> **THE TASK**
Your copy should start at the line with "I Am the Moon" and end at the line with "Ohrringe New Bling 9NB-0662" in the data below. Transcribe only those lines, exactly, pictures excluded.

> **INPUT MATERIAL**
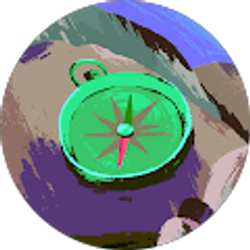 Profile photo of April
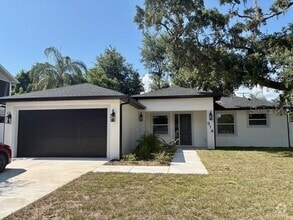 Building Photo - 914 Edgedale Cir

--

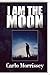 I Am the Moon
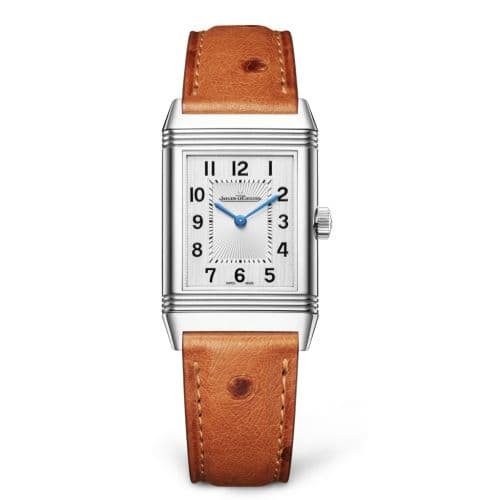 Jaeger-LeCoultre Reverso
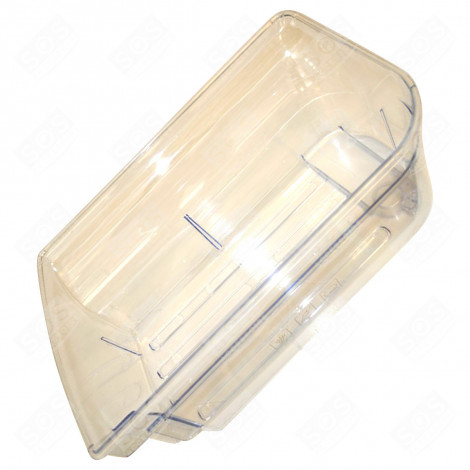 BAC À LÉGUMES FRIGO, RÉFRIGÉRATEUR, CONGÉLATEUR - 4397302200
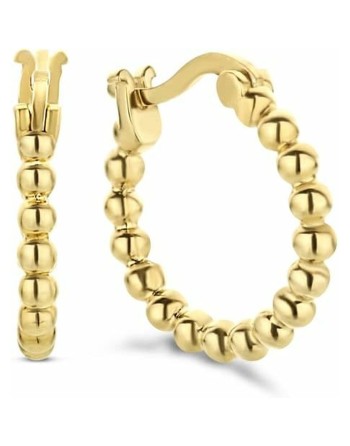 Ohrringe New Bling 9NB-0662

---

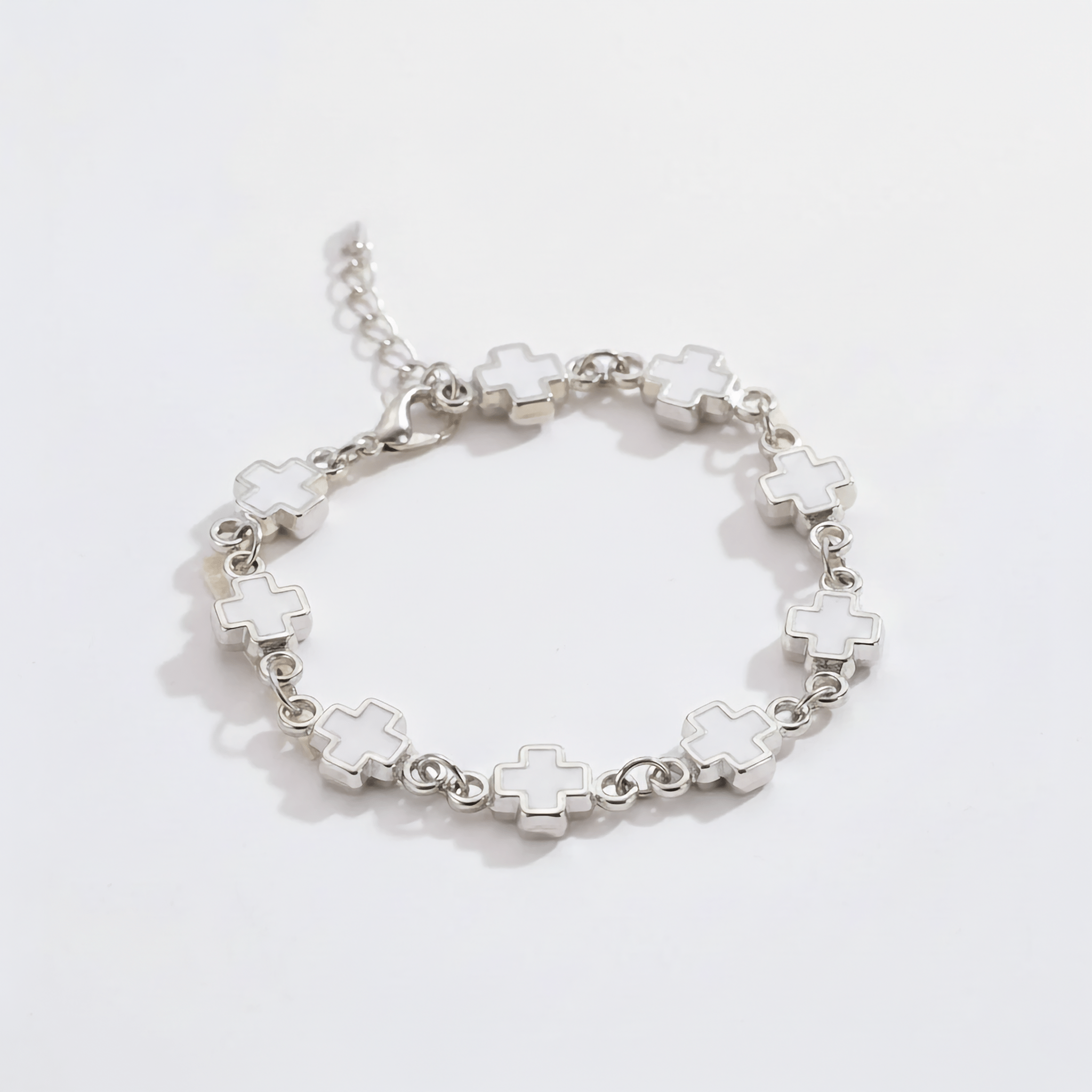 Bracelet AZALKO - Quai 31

> **OUTPUT FOR THIS EXERCISE**
 I Am the Moon
 Jaeger-LeCoultre Reverso
 BAC À LÉGUMES FRIGO, RÉFRIGÉRATEUR, CONGÉLATEUR - 4397302200
 Ohrringe New Bling 9NB-0662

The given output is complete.